The stage was set for the sales job to friends and acquaintances in the sympathetic administrative state, the other part of the tumor.  Sussman texted his old friend at the FBI, James Baker, the FBI’s general counsel:

“Jim — it’s Michael Sussmann. I have something time-sensitive (and sensitive) I need to discuss.  Do you have availability for a short meeting tomorrow?  I’m coming on my own — not on behalf of a client or company — want to help the Bureau. Thanks.”

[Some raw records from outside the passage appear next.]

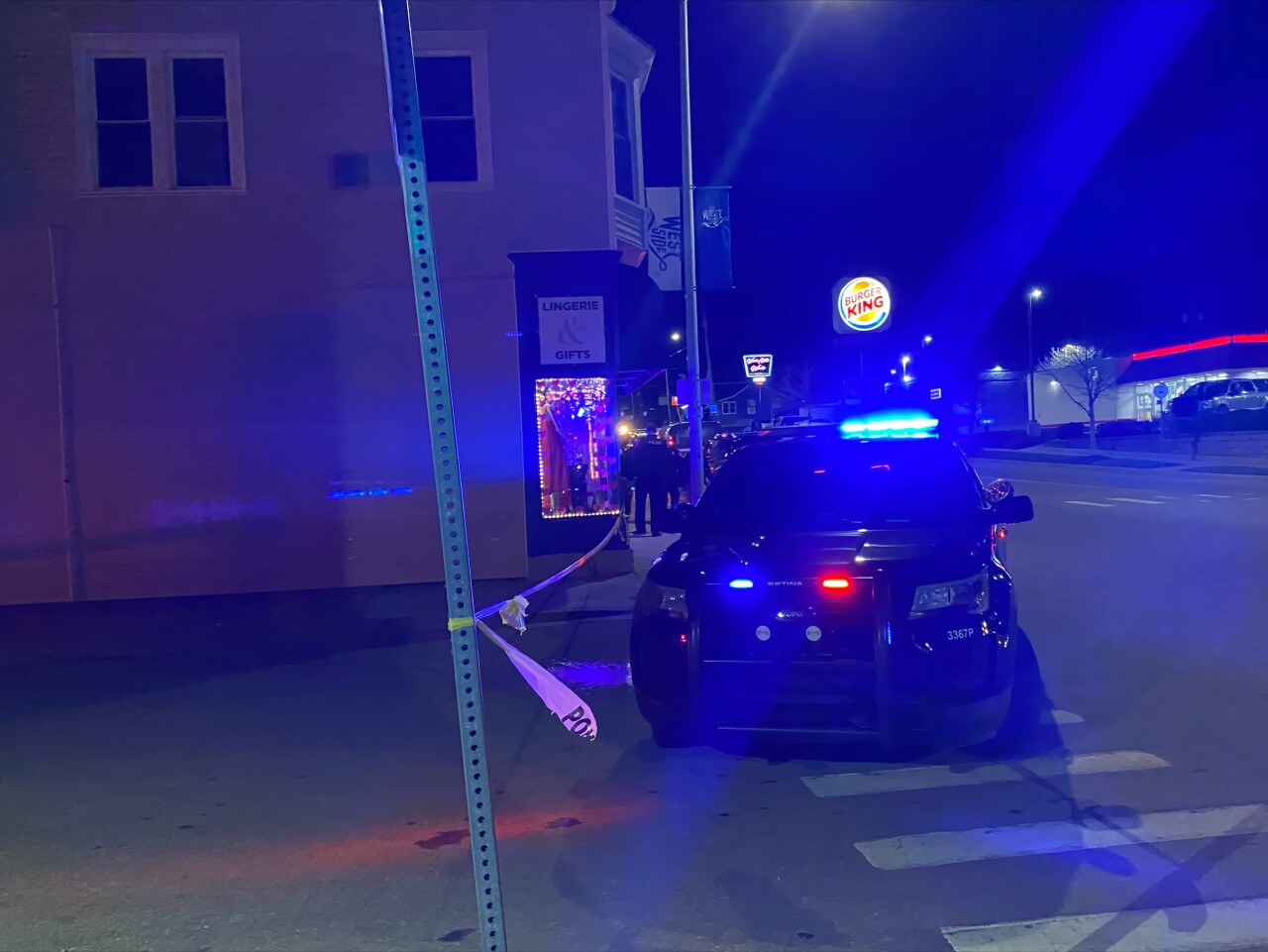 Leonard Street Shooting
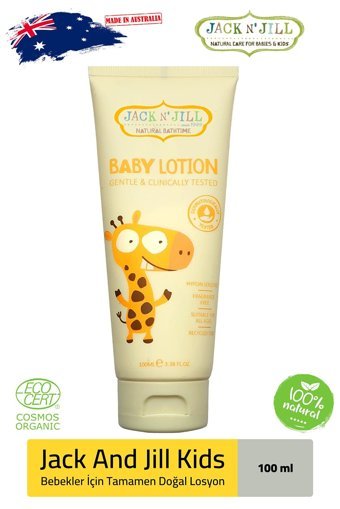 Jack N'Jill Doğal İçerikli Hipoalerjenik Bebek Masaj Yağı 100 ml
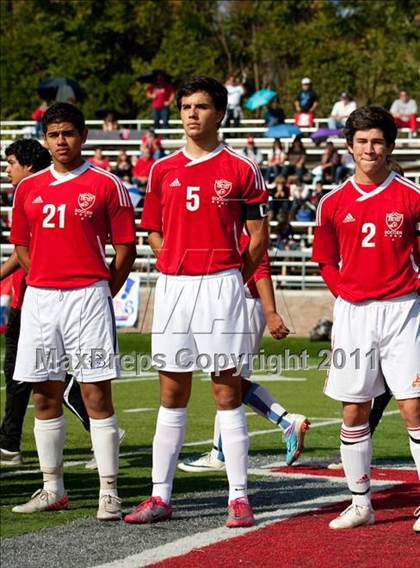 Thumbnail 2 in East Union vs. Vista del Lago (CIF SJS D4 Final) photogallery.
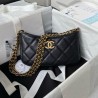 Hobo Bag Gold Hardware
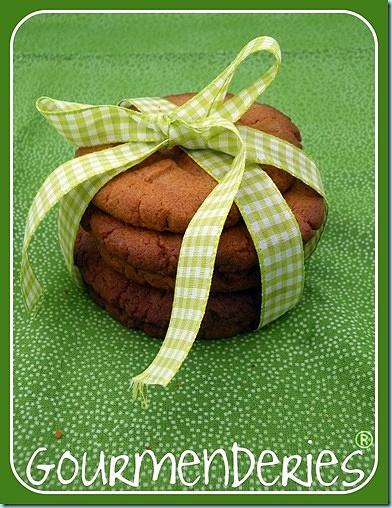Cookies de mantequilla de maní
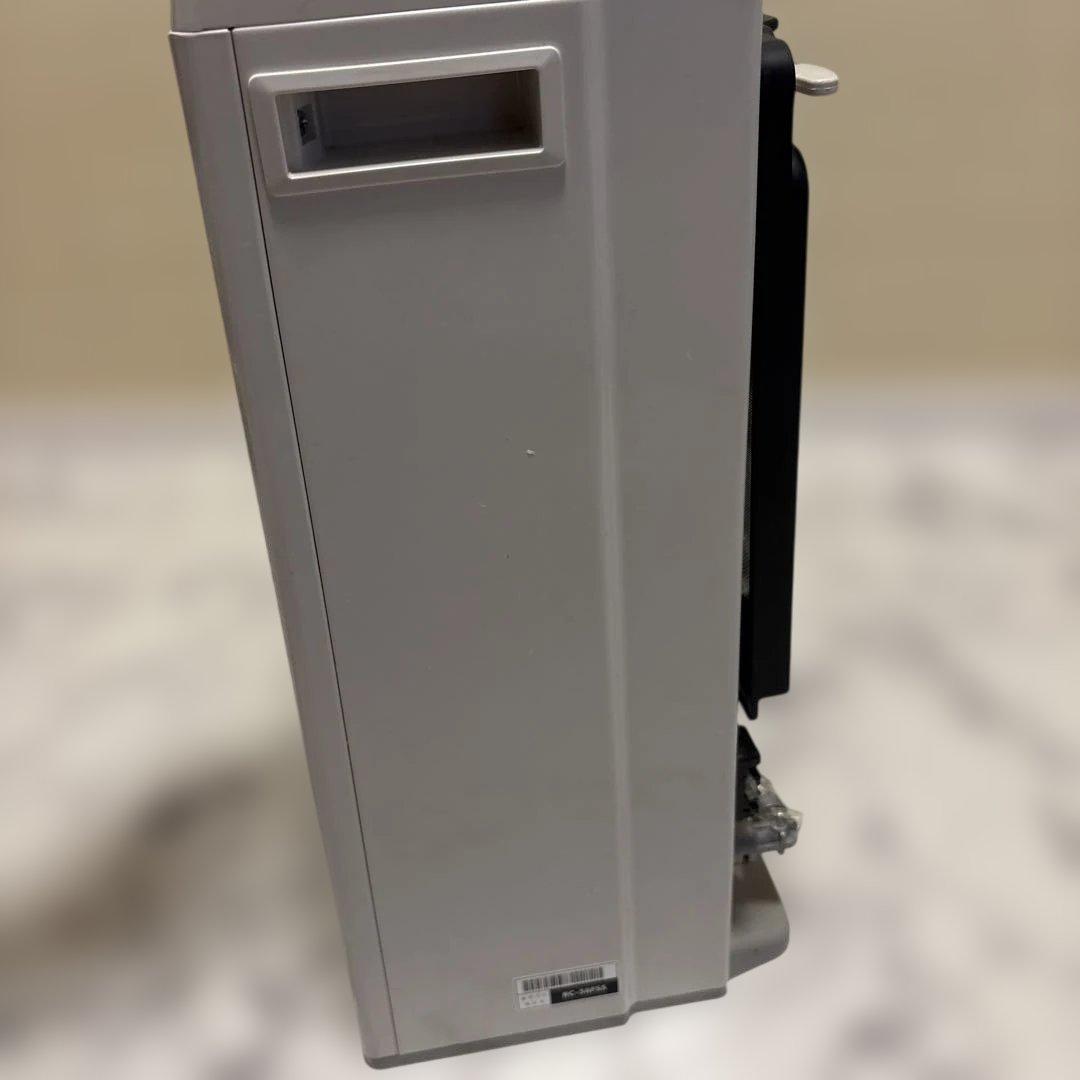 Rinnaiリンナイ 都市ガス用ファンヒーター RC-S5801E 木造15畳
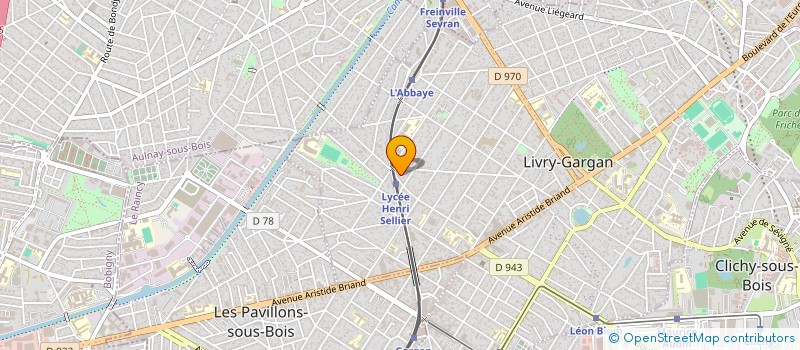 localisation de l'entreprise MADAME FANTA SIDIBE à LIVRY-GARGAN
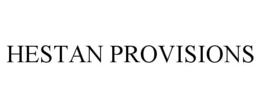 HESTAN PROVISIONS trademark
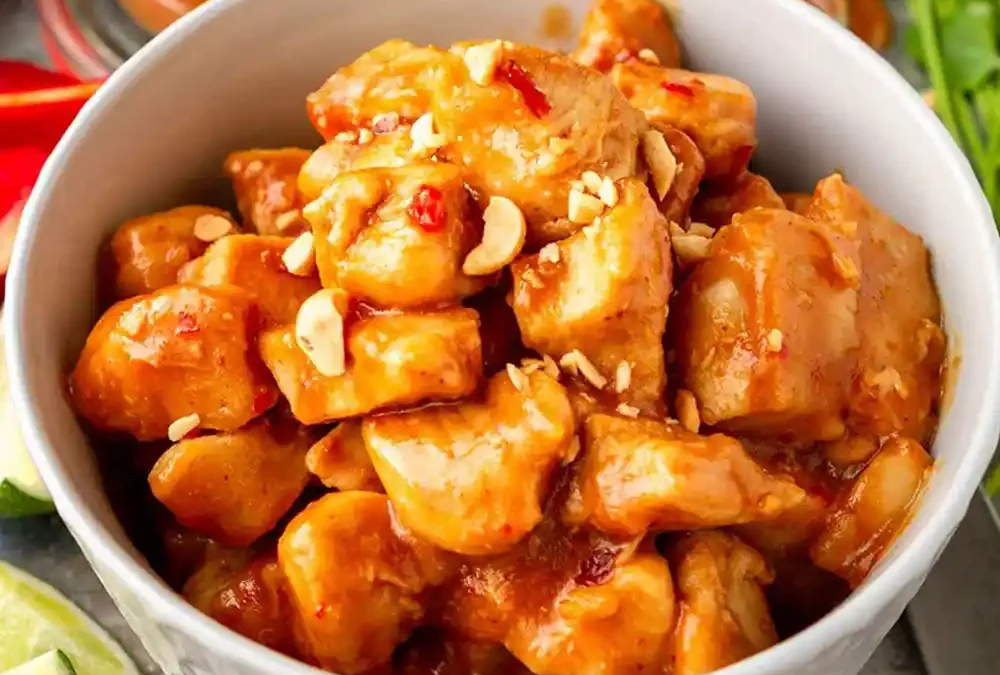 Chicken in Peanut Butter Sauce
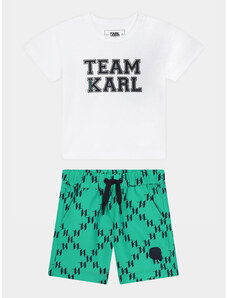 Súprava Tričko a šortky Karl Lagerfeld Kids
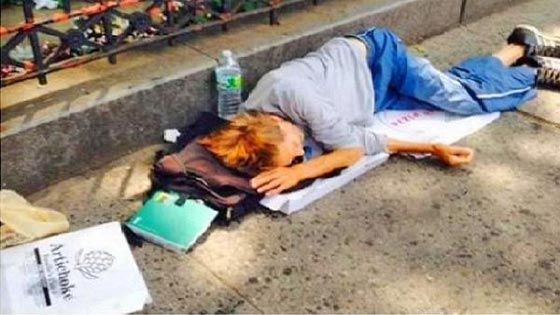 كيف اصبح مليونير وول ستريت مشردا يتسول وينام في الشارع؟ صورة رقم 2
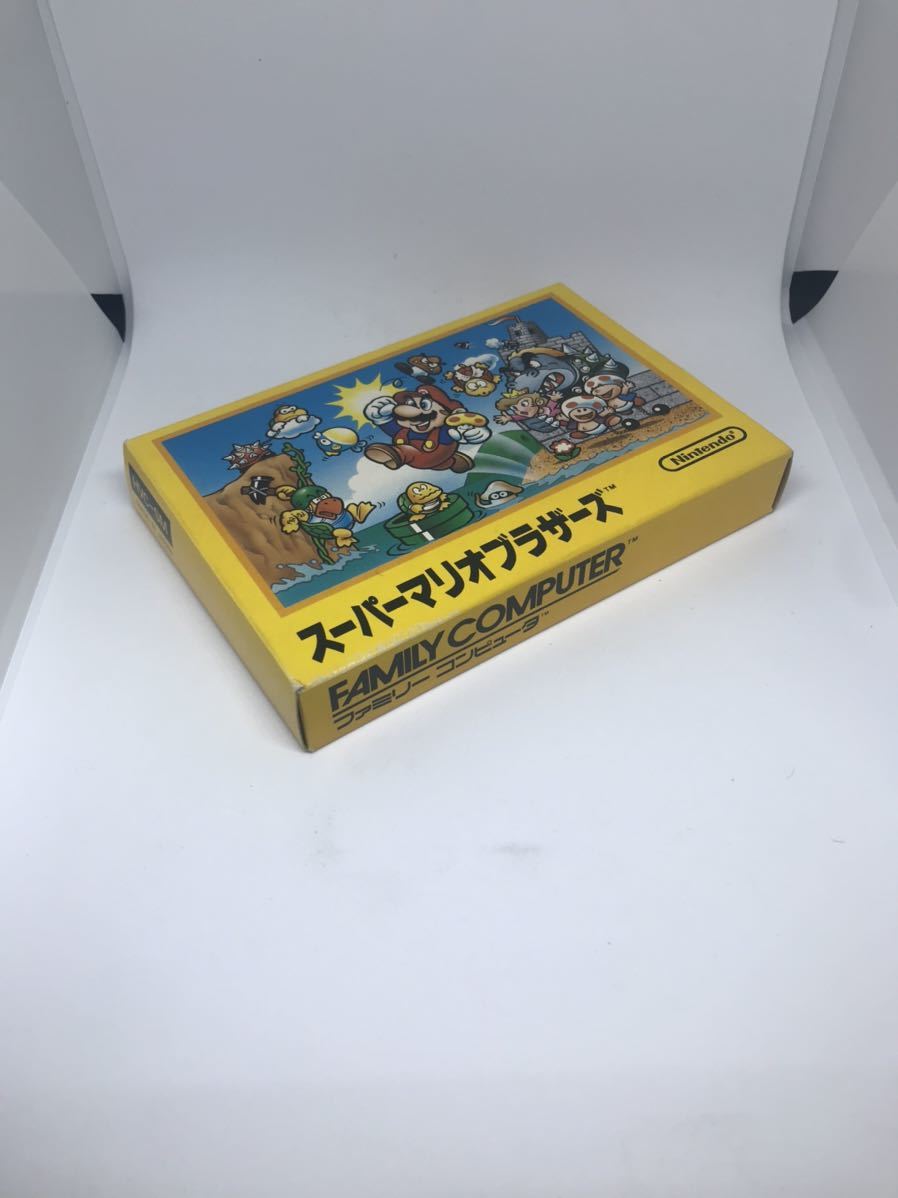 スーパーマリオブラザーズ 新品　ファミコンソフト_画像1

What did Sussman have for Baker?  The next day, Sussman plopped on Baker’s desk Joffe’s concocted illusion of Trump-Russia collusion through Alpha Bank.  The Hillary campaign lawyer, Sussman, gave the FBI an excuse to do what they were chomping at the bit to do anyway.  FBI headquarters opened the investigation with enthusiasm according to the chain of command in Chicago. James Comey was said to be particularly jazzed up.  The FBI higher-ups hid the Sussman/Hillary Campaign connection to the alleged “information” by carrying on as if it came from the Justice Department, not the Clinton Campaign.  It’s clear that the FBI wasn’t really duped by Sussman. Come on, everyone in the halls of power knew who Sussman worked for.  Let’s just say that they wanted to be “duped”.  It provided great cover.  The rest is a history that’ll live in infamy.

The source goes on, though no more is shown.